DESCRIPTION OF THE TASK
Your answer must be the full listing below, repeated exactly.

INFORMATION SUPPLIED
***
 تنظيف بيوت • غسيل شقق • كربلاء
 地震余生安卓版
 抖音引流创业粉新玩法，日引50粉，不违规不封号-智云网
***
TASK SOLUTION
 تنظيف بيوت • غسيل شقق • كربلاء
 地震余生安卓版
 抖音引流创业粉新玩法，日引50粉，不违规不封号-智云网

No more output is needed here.